▶ [REQUIREMENT] Below are the records; count how many of their lines carry "Copper" and give only the number.

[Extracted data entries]
════════════════

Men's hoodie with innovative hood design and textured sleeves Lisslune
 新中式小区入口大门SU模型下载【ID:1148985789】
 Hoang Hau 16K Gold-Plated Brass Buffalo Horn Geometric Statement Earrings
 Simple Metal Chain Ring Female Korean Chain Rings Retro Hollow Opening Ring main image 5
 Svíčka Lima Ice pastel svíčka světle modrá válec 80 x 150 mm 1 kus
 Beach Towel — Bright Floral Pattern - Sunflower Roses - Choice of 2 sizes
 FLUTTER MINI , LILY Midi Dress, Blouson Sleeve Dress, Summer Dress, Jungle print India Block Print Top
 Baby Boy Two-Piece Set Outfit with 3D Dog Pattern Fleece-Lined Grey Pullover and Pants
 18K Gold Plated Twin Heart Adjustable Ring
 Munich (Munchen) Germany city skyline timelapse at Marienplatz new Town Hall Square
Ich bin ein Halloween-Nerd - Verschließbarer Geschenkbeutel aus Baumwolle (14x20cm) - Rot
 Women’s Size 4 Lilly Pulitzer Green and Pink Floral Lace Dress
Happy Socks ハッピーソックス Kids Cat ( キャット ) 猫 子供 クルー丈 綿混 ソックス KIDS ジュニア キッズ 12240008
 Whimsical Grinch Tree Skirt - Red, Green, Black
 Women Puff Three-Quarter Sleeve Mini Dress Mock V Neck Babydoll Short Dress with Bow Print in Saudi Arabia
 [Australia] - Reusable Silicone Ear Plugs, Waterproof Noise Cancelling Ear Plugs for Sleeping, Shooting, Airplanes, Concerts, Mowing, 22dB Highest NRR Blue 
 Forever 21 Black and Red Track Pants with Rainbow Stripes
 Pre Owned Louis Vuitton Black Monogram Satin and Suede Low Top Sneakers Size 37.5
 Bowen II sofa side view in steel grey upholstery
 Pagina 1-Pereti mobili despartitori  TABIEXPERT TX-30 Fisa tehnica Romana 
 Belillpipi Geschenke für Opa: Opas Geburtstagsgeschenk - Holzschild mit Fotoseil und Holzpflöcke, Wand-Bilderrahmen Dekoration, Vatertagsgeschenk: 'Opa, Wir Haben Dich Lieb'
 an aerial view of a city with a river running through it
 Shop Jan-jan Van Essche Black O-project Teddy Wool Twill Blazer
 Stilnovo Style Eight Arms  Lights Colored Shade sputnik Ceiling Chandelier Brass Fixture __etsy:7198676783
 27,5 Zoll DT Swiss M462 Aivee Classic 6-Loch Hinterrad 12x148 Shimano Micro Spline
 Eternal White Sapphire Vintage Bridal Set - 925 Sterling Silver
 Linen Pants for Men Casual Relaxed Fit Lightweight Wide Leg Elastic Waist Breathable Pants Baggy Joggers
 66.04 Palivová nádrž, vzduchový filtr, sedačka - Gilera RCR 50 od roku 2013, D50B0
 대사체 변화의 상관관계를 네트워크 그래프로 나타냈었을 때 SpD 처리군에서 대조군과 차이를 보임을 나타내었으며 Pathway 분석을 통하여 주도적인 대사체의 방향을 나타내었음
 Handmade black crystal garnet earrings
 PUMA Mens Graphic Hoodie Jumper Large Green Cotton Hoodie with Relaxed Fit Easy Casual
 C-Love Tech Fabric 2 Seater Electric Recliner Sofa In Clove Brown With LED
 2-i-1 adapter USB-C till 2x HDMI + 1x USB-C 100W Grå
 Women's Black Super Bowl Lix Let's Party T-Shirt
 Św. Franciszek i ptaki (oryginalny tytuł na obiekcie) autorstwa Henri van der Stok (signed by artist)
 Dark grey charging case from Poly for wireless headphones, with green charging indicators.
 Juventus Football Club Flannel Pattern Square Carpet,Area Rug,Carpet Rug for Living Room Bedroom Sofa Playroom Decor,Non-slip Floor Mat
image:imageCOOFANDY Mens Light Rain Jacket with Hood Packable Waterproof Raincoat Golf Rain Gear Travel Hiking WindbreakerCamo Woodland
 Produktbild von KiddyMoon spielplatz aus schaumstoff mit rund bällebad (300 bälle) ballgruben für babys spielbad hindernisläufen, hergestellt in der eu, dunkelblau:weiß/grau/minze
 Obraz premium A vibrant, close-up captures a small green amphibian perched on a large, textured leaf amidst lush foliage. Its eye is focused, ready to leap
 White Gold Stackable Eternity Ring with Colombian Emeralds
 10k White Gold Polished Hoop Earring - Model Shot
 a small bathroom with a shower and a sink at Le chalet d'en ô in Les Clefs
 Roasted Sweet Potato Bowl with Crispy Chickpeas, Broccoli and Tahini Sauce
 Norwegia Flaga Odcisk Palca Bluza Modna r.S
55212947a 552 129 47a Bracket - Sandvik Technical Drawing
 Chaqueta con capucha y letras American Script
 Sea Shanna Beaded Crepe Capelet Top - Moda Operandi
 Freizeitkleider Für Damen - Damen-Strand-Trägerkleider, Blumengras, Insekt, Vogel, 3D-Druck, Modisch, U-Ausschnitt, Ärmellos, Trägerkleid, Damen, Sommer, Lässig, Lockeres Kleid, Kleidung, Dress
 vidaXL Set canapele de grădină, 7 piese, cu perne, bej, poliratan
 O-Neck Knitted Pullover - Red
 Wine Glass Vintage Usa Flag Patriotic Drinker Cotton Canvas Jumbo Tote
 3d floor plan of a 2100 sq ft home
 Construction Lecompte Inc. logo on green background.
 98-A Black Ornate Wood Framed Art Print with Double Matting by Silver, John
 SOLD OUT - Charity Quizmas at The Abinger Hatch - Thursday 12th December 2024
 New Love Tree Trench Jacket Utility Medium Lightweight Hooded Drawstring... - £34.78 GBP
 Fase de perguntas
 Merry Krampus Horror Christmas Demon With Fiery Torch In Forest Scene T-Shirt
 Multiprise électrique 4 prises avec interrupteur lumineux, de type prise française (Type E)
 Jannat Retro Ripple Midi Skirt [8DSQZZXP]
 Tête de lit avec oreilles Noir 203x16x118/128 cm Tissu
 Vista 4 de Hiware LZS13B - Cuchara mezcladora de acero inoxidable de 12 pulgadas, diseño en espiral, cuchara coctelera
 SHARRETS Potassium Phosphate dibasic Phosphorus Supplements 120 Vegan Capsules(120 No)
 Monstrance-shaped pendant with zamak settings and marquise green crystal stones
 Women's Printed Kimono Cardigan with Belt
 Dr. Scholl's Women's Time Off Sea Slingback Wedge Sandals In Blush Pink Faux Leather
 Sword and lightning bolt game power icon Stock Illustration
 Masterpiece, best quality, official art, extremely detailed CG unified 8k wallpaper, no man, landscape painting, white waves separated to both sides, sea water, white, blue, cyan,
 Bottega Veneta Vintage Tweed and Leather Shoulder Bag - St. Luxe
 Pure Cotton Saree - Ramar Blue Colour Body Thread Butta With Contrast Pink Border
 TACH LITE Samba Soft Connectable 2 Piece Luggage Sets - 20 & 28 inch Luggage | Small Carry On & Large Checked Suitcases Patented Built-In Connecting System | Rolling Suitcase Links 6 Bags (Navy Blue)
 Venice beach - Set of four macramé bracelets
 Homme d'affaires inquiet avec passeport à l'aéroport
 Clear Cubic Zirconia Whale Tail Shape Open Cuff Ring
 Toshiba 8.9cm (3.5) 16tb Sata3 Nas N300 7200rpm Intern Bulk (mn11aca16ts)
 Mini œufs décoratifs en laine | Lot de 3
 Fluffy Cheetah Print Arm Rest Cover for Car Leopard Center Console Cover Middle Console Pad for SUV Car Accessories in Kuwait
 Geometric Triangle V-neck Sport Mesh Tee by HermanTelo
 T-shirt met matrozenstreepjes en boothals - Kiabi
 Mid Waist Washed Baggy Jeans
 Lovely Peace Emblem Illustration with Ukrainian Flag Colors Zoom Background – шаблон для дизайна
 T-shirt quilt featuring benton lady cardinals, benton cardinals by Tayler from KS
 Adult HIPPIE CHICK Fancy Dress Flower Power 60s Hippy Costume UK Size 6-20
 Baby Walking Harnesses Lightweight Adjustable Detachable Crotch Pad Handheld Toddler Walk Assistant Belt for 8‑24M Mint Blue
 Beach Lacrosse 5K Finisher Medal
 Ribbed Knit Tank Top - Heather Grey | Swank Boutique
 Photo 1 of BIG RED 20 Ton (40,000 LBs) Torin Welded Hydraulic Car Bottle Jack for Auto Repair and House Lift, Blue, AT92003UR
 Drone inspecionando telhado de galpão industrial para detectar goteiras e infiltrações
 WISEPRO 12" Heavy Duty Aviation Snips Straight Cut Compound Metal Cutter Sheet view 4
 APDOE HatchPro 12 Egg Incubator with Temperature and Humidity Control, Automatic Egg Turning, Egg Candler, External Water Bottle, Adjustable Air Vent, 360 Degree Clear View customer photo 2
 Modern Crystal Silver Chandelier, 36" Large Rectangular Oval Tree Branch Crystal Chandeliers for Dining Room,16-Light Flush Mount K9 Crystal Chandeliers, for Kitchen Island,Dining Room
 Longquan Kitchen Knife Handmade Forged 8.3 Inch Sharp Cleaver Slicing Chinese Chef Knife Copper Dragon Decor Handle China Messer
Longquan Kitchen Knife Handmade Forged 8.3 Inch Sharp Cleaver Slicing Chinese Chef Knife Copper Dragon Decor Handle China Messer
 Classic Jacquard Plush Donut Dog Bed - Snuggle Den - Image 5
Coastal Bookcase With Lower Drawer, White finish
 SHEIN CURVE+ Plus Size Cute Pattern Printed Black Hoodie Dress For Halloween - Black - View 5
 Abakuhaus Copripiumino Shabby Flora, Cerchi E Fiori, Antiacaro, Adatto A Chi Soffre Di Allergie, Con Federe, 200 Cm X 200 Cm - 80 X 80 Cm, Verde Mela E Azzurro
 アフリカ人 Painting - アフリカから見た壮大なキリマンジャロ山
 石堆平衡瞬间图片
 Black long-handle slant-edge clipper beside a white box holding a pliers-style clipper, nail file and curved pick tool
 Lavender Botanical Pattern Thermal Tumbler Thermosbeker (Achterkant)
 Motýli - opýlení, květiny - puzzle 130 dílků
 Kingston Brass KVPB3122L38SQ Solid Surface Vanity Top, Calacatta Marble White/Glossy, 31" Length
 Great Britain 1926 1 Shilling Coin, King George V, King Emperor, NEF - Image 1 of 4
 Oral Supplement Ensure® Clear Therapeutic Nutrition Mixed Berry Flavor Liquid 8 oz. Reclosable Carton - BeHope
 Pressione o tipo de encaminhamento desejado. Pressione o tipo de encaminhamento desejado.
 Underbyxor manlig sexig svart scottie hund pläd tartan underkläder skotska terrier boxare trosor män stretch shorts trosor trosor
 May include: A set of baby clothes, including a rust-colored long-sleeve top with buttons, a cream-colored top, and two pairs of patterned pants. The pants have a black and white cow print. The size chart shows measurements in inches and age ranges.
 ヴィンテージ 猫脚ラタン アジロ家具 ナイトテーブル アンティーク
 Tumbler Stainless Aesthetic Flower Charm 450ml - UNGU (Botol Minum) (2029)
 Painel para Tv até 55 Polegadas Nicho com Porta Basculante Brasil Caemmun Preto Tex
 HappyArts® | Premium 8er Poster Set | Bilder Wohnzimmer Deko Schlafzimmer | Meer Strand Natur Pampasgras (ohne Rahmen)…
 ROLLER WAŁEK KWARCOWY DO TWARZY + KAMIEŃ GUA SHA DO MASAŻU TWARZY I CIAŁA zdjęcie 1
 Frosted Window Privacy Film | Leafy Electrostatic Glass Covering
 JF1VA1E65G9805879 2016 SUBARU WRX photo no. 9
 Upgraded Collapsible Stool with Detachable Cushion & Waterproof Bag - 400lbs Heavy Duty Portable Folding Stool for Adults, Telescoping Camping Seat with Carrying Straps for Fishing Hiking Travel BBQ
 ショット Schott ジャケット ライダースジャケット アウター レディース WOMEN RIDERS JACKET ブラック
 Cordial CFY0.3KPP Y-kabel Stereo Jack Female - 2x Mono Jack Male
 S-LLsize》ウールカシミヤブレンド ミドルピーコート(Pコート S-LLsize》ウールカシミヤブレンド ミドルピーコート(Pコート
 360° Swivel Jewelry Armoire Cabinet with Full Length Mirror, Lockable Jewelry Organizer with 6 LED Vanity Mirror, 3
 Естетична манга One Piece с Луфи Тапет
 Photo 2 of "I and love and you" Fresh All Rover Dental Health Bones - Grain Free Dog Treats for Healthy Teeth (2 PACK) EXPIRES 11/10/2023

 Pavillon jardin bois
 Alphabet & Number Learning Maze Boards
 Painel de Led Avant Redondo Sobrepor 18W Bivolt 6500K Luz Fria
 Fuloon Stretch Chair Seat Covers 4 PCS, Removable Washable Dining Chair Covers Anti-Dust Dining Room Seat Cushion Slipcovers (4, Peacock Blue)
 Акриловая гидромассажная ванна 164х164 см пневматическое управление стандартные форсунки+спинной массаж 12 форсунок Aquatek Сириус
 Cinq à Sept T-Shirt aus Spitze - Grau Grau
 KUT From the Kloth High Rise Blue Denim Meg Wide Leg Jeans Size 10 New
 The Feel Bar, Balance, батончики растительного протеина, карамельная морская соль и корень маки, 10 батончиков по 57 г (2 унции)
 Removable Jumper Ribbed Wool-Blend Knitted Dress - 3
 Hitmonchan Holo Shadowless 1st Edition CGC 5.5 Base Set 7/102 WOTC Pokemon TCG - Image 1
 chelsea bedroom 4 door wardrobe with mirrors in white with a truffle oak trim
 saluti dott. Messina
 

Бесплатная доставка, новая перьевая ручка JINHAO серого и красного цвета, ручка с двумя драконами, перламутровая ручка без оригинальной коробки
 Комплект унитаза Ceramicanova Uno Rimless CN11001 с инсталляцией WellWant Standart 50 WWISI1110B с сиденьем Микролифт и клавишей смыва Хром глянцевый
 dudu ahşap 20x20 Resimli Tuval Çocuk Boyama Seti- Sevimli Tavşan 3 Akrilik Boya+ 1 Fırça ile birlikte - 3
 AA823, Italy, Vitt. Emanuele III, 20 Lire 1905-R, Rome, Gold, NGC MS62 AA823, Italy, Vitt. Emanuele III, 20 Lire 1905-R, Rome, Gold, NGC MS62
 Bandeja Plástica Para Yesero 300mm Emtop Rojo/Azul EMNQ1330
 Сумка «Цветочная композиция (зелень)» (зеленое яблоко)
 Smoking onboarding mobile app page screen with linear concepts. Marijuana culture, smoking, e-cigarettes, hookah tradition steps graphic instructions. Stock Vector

════════════════

▶ [FINISHED TASK] 2